BEGIN Data provided

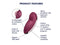 SATISFYER TAP & CLIMAX 2 RED (NET)-0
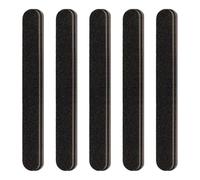 Rnitle 10 Pack Professional Nail Files,Double Sided Emery Board for Natural Nails,Styling & Pet Grooming,for Acrylic and Gel Nails(100/180 Grit)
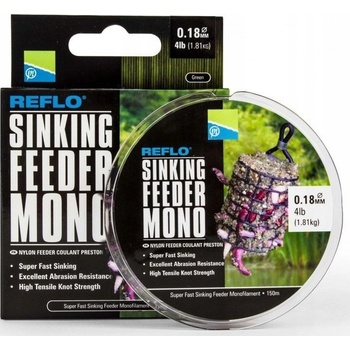 Preston Inovations Monofil Reflo Sinking Feeder Mono 150 m 0,16 mm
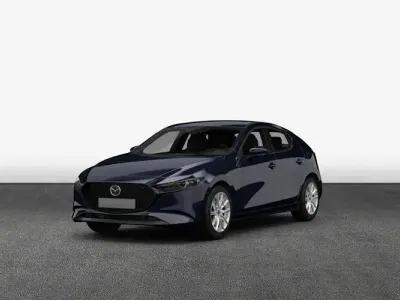 Ny Mazda 3 Takumi-Line 186 HK (136 kW) 2025 Blå Sedan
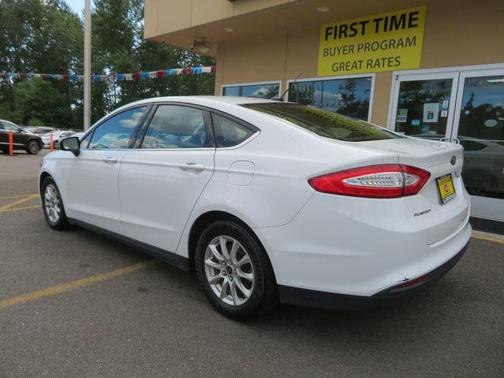 2015 Ford Fusion S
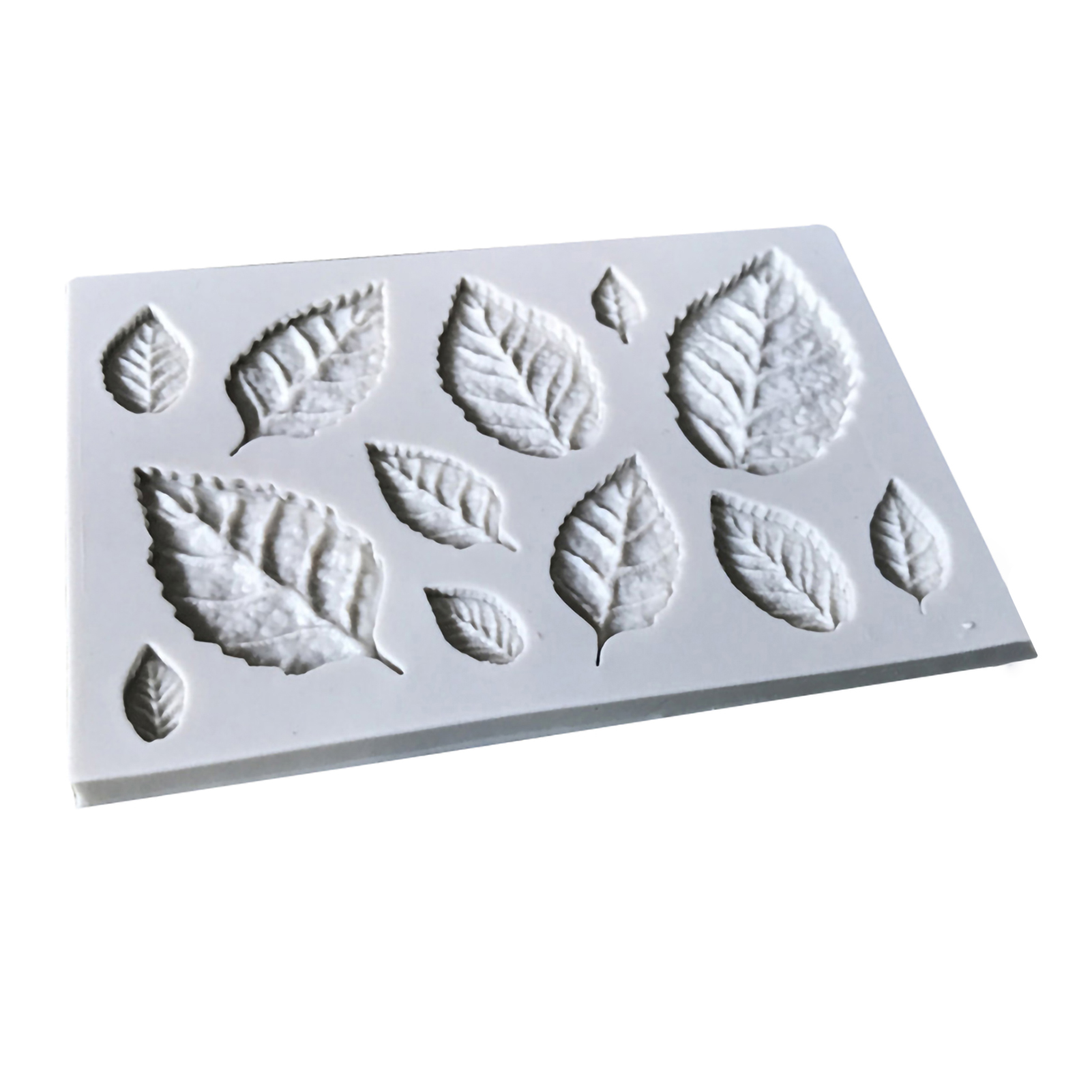 Homesir Baking Mold Leaf Design Easy Cleaning Silicone DIY Ovenproof Cake Mould for Cake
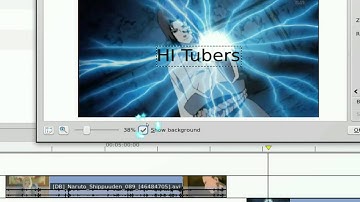 Text Overlay & Transitions - Kdenlive 0.7 - Ubuntu 8.10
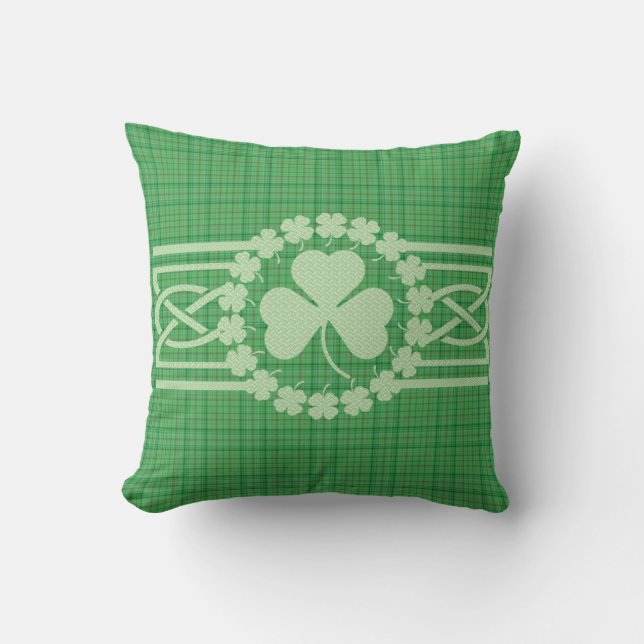 Coussin Carreau X12 irlandais celtique de MoJo 12 de (Recto)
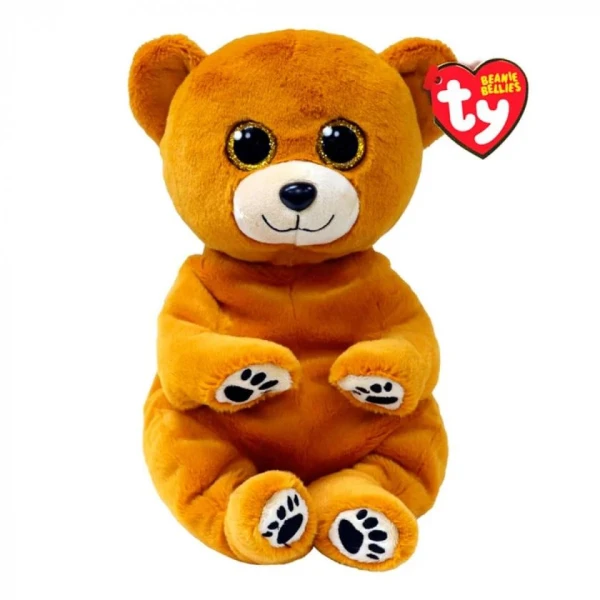 М&#039;яка іграшка TY BEANIE BELLIES Ведмедик &quot;DUNCAN&quot; 43206 25 см Різнокольоровий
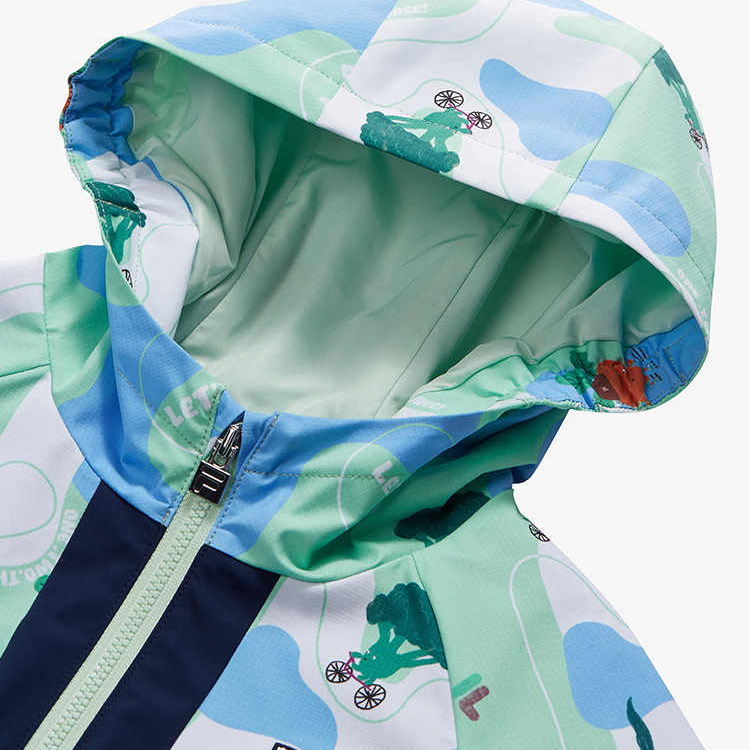 куртка FILA KIDS WHITE LINE (разноцветный) — фото 3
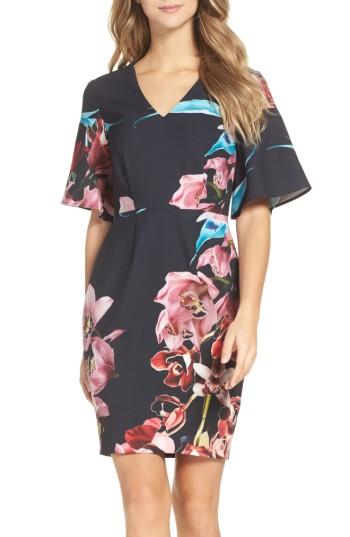 Women's Cooper St Dark Romance Sheath Dress - Blue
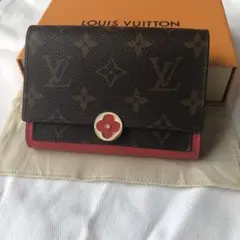 LOUIS VUITTON ポルトフォイユ フロール コンパクト
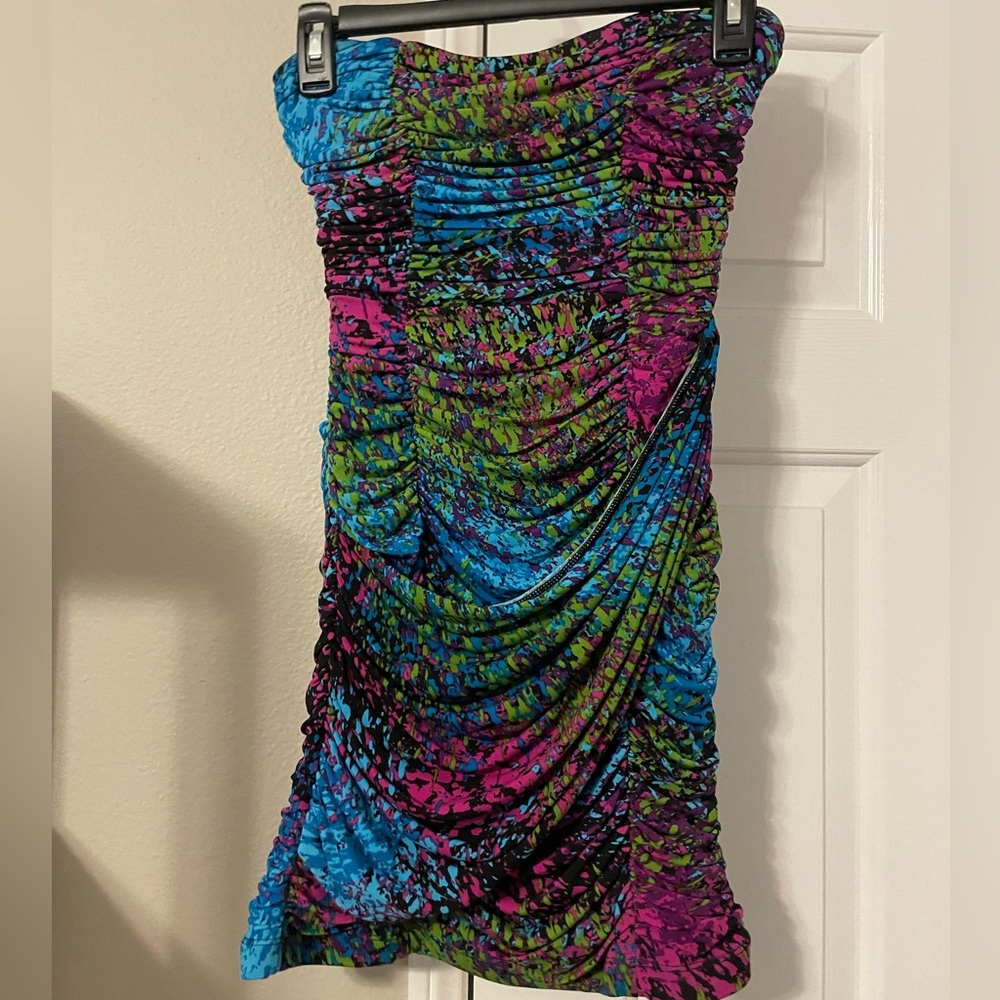 Tie dye dress Forever 21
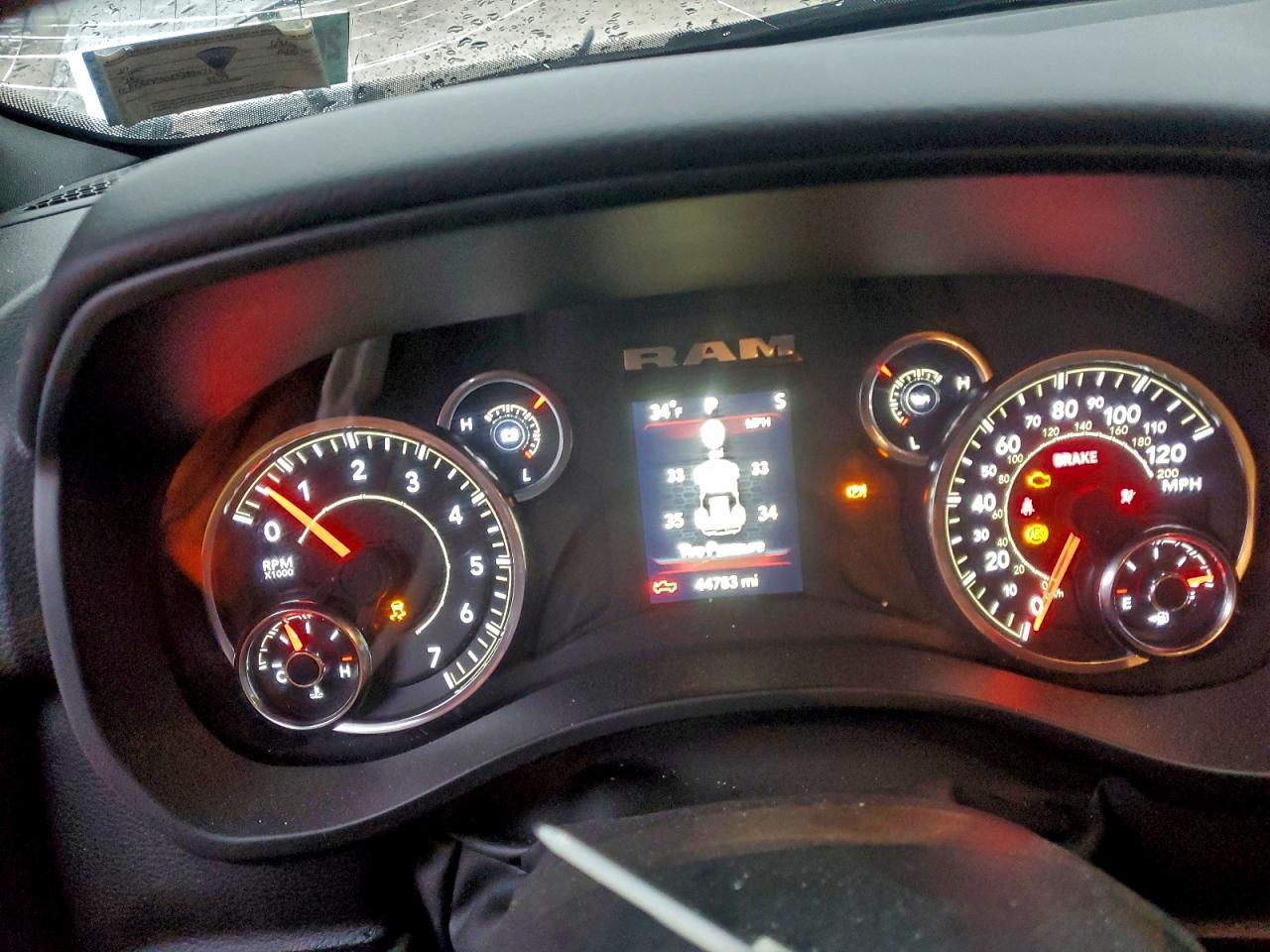 2024 Dodge Ram 1500 big Horn/lone Star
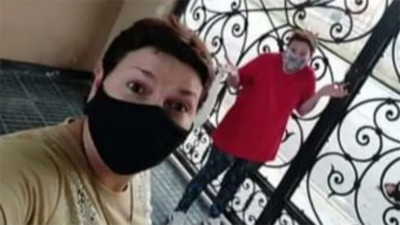 Cuidador de cementerio se fue antes y dos mujeres quedaron encerradas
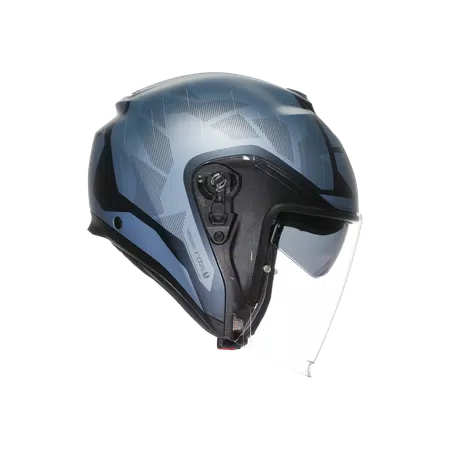 IRIDES AGV E2206 - TRIESTE MATT BLUE/GREY -  - 3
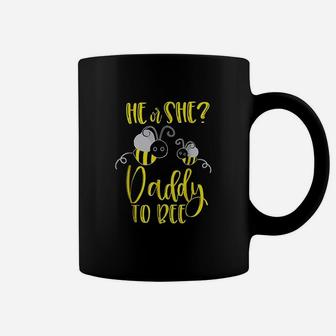 Daddy Shirt What Will It Bee Gender Reveal He Or She Coffee Mug - Seseable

END Data provided

Try it
Write out only the lines from the one that contains "Rnitle 10 Pack" through the last line of the records above, both included, word for word and without the pictures.

Answer area
 Rnitle 10 Pack Professional Nail Files,Double Sided Emery Board for Natural Nails,Styling & Pet Grooming,for Acrylic and Gel Nails(100/180 Grit)
 Preston Inovations Monofil Reflo Sinking Feeder Mono 150 m 0,16 mm
 Ny Mazda 3 Takumi-Line 186 HK (136 kW) 2025 Blå Sedan
 2015 Ford Fusion S
 Homesir Baking Mold Leaf Design Easy Cleaning Silicone DIY Ovenproof Cake Mould for Cake
 Text Overlay & Transitions - Kdenlive 0.7 - Ubuntu 8.10
 Coussin Carreau X12 irlandais celtique de MoJo 12 de (Recto)
 М&#039;яка іграшка TY BEANIE BELLIES Ведмедик &quot;DUNCAN&quot; 43206 25 см Різнокольоровий
 куртка FILA KIDS WHITE LINE (разноцветный) — фото 3
 Women's Cooper St Dark Romance Sheath Dress - Blue
 LOUIS VUITTON ポルトフォイユ フロール コンパクト
 Tie dye dress Forever 21
 2024 Dodge Ram 1500 big Horn/lone Star
 Cuidador de cementerio se fue antes y dos mujeres quedaron encerradas
 IRIDES AGV E2206 - TRIESTE MATT BLUE/GREY -  - 3
 Daddy Shirt What Will It Bee Gender Reveal He Or She Coffee Mug - Seseable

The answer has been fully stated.